Halkın Sesi Soruyor: NİÇİN JANDARMA?
İstanbul’un tam merkezinde, İstanbul Büyükşehir Belediyesi’nin içinde gerçekleştirilen üçüncü dalga operasyonu, yalnızca hedefleriyle değil, operasyonda görev alan kolluk birimiyle de dikkat çekti. Evet, oradaydı: Jandarma.
Peki, sormak gerekmez mi?
İstanbul gibi, tüm kolluk birimlerinin fazlasıyla mevcudiyet gösterdiği bir şehirde, il ve ilçe belediye sınırları içinde, hem de belediyenin merkez binasında düzenlenen bir operasyonda jandarmanın ne işi vardır?
Yasa Ne Diyor?
2803 Sayılı Jandarma Teşkilat, Görev ve Yetkileri Kanunu’nun 10. maddesi açık ve net bir çerçeve çizer:
“Jandarmanın görev ve sorumluluk alanı, polis görev sahası dışı olup; bu alanlar, il ve ilçe belediye hudutları haricinde kalan veya polis teşkilatı bulunmayan yerlerdir.”
Bu hüküm, jandarmanın görev alanını kırsal bölgeyle sınırlı kılar. Ancak madde bir istisna da sunar: Hizmet gerekleri bakımından İçişleri Bakanı’nın kararı ile belediye sınırları içerisindeki bazı yerler de jandarma yetkisine bırakılabilir.
Burada kritik soru şudur:
İstanbul Büyükşehir Belediyesi binası için alınmış, duyurulmuş böyle bir karar var mıdır?

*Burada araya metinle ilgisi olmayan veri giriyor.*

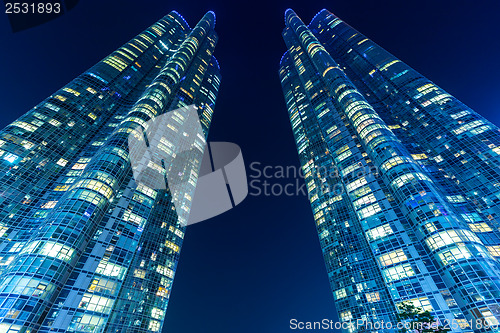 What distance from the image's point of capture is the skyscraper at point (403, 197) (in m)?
54.1

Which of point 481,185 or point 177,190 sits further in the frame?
point 177,190

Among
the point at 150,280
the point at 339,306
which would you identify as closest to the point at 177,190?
the point at 150,280

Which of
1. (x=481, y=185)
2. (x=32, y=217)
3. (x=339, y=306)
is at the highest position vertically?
(x=481, y=185)

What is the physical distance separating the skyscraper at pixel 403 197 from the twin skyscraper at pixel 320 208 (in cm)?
33

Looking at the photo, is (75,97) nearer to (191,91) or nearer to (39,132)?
(39,132)

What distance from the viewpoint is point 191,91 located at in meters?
130

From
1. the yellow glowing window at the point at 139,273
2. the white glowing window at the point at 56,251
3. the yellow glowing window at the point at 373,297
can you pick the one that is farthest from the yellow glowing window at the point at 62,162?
the yellow glowing window at the point at 373,297

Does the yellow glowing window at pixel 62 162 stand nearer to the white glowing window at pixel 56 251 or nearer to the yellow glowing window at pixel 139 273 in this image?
the white glowing window at pixel 56 251

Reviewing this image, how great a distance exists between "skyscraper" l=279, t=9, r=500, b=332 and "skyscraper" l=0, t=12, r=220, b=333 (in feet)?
180

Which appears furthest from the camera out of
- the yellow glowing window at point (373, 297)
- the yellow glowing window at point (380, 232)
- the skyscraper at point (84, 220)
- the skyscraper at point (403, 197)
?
the yellow glowing window at point (380, 232)

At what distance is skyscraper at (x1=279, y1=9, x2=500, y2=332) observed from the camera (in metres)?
54.1

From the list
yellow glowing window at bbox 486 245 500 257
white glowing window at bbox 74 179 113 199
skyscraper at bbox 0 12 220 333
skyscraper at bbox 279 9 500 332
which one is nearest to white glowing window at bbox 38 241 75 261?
skyscraper at bbox 0 12 220 333

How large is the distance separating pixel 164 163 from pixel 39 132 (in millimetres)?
36587

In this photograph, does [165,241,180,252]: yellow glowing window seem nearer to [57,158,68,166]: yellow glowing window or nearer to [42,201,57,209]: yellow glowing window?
[42,201,57,209]: yellow glowing window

Varsa, ne zaman alınmış, nerede yayımlanmıştır?
Yoksa, bu yetki aşımı değil midir?
Yetkisiz Müdahale mi, Hukuka Aykırı Uygulama mı?
İstanbul gibi bir metropolde, hem emniyet hem özel harekât hem de istihbarat birimlerinin son derece aktif olduğu, görev sahasının net şekilde polis teşkilatına ait olduğu bir yerde, jandarmanın operasyon yürütmesi sadece “alışılmadık” değil, hukuken de tartışmalıdır.

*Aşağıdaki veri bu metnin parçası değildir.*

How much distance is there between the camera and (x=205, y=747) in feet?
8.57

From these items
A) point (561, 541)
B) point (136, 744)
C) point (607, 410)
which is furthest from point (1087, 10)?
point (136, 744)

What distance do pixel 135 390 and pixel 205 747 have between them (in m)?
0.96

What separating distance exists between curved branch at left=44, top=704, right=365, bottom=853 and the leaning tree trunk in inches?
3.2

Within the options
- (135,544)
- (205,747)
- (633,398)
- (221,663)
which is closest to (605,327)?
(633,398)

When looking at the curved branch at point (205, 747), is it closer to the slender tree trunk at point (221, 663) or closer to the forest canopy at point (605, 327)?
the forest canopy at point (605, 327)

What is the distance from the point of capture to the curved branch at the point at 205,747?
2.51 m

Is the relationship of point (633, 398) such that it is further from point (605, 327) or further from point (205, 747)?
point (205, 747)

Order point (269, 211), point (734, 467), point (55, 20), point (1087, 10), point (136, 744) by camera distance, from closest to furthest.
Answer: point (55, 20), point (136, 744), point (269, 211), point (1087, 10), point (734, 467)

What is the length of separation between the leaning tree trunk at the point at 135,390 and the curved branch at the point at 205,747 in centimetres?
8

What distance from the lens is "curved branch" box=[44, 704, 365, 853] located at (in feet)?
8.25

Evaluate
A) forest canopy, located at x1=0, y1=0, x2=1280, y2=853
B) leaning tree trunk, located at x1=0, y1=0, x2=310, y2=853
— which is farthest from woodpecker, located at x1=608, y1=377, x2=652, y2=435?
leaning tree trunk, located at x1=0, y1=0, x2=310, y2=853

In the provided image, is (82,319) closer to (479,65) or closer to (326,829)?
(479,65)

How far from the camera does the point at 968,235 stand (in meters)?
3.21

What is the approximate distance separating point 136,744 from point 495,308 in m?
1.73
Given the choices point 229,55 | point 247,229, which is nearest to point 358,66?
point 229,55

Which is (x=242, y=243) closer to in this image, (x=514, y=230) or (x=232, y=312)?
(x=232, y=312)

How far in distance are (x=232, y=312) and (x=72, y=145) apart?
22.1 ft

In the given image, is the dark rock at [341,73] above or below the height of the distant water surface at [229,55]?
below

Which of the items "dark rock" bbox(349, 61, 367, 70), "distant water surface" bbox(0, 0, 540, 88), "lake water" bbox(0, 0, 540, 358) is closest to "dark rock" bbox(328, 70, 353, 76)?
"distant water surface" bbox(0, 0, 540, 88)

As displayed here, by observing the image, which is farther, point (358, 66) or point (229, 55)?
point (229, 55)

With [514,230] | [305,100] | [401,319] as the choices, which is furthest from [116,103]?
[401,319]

Şayet ortada İçişleri Bakanlığı’nın ilan ettiği ve kamuoyuna açık bir yetki devri kararı yoksa, bu müdahale hukuk devleti ilkesine gölge düşürür.
Ve bu gölge, yalnızca bugünü değil, yarının adaletini de karartır.
“Devletin Görevi Güven Vermektir, Güvensizlik Değil”
Halk, kolluk gücünün şeffaf, meşru ve görev tanımı içerisinde hareket etmesini ister. Zira güvenlik, ancak hukuka uygunlukla anlam kazanır. Aksi halde, neyin “güvenlik”, neyin “gözetim” olduğu ayırt edilemez hale gelir.
Bugün İstanbul’da yaşanan bu olay, bir devletin kurallar üzerinden mi, yoksa kural dışılık üzerinden mi işlediğini sorgulatan ciddi bir tablodur.
Türk Halkı Açıklama Bekliyor
Soruyoruz:
Bu operasyonun hukuki dayanağı nedir?
İçişleri Bakanı böyle bir karar aldıysa, nerede yayımladı?
Yoksa, hukuksuz bir durumla mı karşı karşıyayız?
Bu sorular, yalnızca bir haberin ayrıntısı değil; bir hukuk devleti olmanın gereğidir.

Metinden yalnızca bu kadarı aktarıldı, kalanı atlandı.